Occidental Petroleum Corp. announced yesterday that it has proposed a merger with Zapata Corp., a lucrative Houston-based offshore-oil-rig operator.
The offer was made during the weekend to Zapata officials, with Occidental proposing a stock swap that would amount to approximately $760 million. Zapata Chairman B. John Mackin said that Zapata is studying the unsolicited offer.
The proposed merger would bring to Occidental, the 20th-largest industrial corporation in the nation, a company that is a major operator and supplier of offshore drilling rigs. Occidental expects to spend approximately $2 billion on offshore drilling over the next five years, said Occidental's chairman and chief executive officer, Armand Hammer. With some 23 rigs, Zapata is is the second-largest operator of offshore rigs -- which Hammer said figured largely in Occidental's interest in the company.
Its other attractions include tax credits, oil exploration in the Gulf of Mexico, where Occidental is also active, and Zapata's coal properties, Hammer said. Zapata had revenues of $637 million and net income of $43.6 million during the fiscal year ended Sept. 30, 1980.
Occidental, a company that has grown from revenues of less than $1 million in the 1950s to $12.5 billion for the fiscal year ended Dec. 31, 1980. Net income for that period was $710.8 million.
Hammer said Occidental is interested only in acquiring Zapata in a friendly merger. Occidental was badly bruised in an unfriendly takeover fight with Mead Corp. several years ago.
Hammer made his overtures to Zapata in meetings with Mackin and the executive committee of the board of directors over the weekend. He said that the oil company offered Zapata a 30-day period to consider the offer but that Zapata asked that the period be extended to 45 days.

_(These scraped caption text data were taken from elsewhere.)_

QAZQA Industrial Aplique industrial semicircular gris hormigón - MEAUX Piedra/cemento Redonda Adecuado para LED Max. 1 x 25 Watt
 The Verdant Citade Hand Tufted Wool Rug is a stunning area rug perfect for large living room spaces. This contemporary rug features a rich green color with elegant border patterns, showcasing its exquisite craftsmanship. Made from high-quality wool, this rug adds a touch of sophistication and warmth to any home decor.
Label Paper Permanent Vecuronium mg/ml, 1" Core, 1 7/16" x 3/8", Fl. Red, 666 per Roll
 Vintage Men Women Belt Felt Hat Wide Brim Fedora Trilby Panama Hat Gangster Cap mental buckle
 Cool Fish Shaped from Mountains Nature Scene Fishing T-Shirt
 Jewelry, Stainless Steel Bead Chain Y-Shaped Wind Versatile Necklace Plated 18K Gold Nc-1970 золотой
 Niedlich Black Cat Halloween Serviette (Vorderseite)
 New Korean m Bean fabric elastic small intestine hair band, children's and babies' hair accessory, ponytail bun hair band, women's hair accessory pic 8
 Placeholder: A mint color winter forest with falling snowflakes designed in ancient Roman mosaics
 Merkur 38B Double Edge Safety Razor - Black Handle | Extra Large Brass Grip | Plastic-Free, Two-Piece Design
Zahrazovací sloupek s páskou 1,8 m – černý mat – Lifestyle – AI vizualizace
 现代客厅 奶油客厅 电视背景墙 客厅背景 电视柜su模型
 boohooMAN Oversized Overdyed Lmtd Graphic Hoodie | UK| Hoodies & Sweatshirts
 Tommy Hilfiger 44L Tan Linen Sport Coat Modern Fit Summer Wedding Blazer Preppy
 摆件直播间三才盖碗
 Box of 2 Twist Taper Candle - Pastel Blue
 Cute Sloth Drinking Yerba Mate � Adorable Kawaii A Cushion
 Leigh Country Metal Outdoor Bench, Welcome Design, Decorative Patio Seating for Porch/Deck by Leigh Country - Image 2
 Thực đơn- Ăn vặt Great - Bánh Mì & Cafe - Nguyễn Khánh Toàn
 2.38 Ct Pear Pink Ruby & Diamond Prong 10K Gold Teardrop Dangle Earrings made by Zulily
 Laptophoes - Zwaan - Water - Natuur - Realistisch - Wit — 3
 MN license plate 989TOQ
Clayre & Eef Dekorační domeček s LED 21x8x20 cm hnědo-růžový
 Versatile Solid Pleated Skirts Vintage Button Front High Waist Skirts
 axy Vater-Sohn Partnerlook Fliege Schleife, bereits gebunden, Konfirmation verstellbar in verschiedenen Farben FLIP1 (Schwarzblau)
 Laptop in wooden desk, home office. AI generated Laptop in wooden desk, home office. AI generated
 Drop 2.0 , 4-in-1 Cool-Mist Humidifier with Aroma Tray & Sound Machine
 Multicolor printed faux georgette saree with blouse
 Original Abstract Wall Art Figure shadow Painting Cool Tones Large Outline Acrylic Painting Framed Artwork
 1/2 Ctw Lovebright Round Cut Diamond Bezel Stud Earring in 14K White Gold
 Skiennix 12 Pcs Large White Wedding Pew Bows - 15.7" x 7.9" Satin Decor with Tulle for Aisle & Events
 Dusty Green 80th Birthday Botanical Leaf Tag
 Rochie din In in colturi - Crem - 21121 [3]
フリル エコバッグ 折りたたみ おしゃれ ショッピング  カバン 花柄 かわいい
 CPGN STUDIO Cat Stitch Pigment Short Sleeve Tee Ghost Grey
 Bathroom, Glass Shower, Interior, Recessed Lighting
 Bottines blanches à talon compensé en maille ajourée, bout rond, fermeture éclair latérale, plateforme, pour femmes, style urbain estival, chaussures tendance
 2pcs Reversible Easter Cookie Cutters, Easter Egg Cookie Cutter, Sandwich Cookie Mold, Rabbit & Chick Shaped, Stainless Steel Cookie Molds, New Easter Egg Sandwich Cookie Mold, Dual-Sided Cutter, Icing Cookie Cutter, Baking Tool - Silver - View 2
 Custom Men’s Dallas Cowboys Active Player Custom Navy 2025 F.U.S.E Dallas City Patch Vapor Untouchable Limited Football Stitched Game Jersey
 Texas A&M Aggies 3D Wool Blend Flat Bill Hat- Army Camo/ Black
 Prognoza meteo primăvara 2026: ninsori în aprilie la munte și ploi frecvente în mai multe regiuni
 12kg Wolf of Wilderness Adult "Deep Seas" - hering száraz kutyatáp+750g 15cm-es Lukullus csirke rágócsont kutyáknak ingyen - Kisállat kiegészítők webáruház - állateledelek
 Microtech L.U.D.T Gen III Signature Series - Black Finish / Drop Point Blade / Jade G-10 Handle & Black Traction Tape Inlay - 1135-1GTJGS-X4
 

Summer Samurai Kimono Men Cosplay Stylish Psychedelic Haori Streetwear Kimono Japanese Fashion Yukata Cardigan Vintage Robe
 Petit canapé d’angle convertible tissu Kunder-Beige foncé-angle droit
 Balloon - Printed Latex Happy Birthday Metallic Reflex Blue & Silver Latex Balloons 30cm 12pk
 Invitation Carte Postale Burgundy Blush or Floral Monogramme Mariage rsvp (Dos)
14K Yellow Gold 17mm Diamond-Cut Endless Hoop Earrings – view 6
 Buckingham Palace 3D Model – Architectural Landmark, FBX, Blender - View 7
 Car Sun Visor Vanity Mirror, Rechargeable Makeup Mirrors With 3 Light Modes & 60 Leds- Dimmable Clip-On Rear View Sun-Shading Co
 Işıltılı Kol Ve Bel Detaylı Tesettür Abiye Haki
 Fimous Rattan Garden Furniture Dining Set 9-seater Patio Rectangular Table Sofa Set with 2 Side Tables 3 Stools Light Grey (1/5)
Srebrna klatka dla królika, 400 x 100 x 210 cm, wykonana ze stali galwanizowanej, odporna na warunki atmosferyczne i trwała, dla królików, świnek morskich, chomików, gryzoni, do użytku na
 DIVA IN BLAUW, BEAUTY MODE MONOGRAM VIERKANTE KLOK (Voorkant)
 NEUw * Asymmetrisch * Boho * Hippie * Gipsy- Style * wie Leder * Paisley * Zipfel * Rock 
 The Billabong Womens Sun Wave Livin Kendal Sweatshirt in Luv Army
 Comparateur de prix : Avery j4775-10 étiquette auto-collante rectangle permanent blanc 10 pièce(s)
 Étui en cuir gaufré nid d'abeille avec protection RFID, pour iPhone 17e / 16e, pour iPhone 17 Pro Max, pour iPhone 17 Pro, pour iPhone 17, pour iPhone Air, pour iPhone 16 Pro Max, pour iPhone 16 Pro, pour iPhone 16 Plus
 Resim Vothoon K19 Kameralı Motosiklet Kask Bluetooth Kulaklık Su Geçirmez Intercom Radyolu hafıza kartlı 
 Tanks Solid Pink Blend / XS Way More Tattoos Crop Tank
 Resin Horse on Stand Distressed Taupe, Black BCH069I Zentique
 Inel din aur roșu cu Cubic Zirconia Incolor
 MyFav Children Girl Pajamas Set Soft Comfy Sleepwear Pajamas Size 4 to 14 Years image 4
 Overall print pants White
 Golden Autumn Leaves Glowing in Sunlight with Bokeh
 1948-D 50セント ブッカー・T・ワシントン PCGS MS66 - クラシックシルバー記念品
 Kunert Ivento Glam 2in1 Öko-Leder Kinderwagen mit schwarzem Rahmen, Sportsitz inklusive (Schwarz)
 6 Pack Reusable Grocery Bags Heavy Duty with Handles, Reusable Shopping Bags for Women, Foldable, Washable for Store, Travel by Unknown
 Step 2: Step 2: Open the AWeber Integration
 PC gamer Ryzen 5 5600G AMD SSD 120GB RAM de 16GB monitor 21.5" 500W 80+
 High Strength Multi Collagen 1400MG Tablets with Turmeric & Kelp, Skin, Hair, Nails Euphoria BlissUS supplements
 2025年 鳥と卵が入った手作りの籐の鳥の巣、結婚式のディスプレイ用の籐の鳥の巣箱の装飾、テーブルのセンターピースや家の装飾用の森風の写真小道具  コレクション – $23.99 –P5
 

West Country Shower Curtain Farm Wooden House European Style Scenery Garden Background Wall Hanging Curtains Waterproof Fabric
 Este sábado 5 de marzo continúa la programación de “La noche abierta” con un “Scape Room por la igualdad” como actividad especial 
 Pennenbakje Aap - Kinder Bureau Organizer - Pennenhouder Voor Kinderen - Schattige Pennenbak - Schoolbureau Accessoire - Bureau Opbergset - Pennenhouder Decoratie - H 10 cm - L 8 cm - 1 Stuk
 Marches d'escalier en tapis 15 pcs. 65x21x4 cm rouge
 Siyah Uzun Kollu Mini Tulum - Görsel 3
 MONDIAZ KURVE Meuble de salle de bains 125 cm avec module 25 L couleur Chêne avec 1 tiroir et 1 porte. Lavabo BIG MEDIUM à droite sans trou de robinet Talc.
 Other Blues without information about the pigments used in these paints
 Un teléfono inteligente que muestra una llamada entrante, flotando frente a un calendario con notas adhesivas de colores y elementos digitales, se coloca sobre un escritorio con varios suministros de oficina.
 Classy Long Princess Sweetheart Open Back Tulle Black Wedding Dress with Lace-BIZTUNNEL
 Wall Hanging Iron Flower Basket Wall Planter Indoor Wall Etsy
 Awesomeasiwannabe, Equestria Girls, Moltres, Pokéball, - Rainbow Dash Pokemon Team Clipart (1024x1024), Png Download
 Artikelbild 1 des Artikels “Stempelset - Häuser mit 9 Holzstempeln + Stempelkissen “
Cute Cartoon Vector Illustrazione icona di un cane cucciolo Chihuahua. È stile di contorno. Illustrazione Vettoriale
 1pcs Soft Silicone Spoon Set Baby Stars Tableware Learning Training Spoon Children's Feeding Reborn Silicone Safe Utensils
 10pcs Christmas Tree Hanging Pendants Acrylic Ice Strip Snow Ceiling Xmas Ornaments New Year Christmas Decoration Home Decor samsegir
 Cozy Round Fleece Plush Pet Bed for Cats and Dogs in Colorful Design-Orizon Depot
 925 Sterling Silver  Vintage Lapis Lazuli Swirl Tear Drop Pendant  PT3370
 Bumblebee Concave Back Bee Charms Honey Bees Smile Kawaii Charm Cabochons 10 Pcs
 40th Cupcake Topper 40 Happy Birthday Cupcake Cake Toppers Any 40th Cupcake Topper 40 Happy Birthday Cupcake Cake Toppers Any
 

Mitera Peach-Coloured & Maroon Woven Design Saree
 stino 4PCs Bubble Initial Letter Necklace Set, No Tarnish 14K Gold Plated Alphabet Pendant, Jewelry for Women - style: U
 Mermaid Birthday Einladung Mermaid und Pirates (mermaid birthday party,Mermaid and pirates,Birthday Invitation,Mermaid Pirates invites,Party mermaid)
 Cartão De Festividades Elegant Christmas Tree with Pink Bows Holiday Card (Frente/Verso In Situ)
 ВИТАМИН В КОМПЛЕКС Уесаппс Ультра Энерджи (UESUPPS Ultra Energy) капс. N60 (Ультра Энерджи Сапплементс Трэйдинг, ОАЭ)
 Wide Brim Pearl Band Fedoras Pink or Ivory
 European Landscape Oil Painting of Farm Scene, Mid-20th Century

The offer calls for Occidental to issue 0.6904 share of common stock and 0.1804 share of a new series of voting nonconvertible preferred stock with a redemption value of $100 and an annual dividend rate of $14.63. These securities would be exchanged for each share of Zapata's 21.2 million outstanding shares after Zapata had redeemed its $2 noncumulative convertible preference stock and its $6 cumulative preferred stock.
Occidental described its offer as amounting to more than $36 a share for Zapata's stock. But analysts said the offer was somewhat lower, in a range between $33 and $36 a share. The year's high for Zapata was 39 7/8, but the stock closed at 27 3/4 on Friday.
If the merger is completed, Zapata would continue to operate independently under existing management and would retain its headquarters in Houston, Occidental said.
A figure in the merger negotiations with Zapata was David H. Murdock, a director and the largest shareholder in Zapata. Murdock was also the largest shareholder in Iowa Beef Processors Inc., which Occidental acquired last month.
Analysts said yesterday that it isn't clear whether Occidental's merger proposal would kick off a round of competing offers. "I think it's cheap," said James Horan, who follows Zapata for Bache Halsey Stuart Shields. Because they are heavy cash generators and because of the prospects for increased offshore drilling, Horan predicted that the Zapata offer might be the first in a string of acquisitions of offshore firms by energy companies looking for reserves.
"What Occidental is doing now is an extension of what it has been doing -- growth by skillful acquisitions," said Eugene Nowak, an analyst for Dean Witter Reynolds who follows Occidental's stock. Nowak said the proposed merger should produce synergistic benefits from Occidental, which is active in several areas that overlap with Zapata.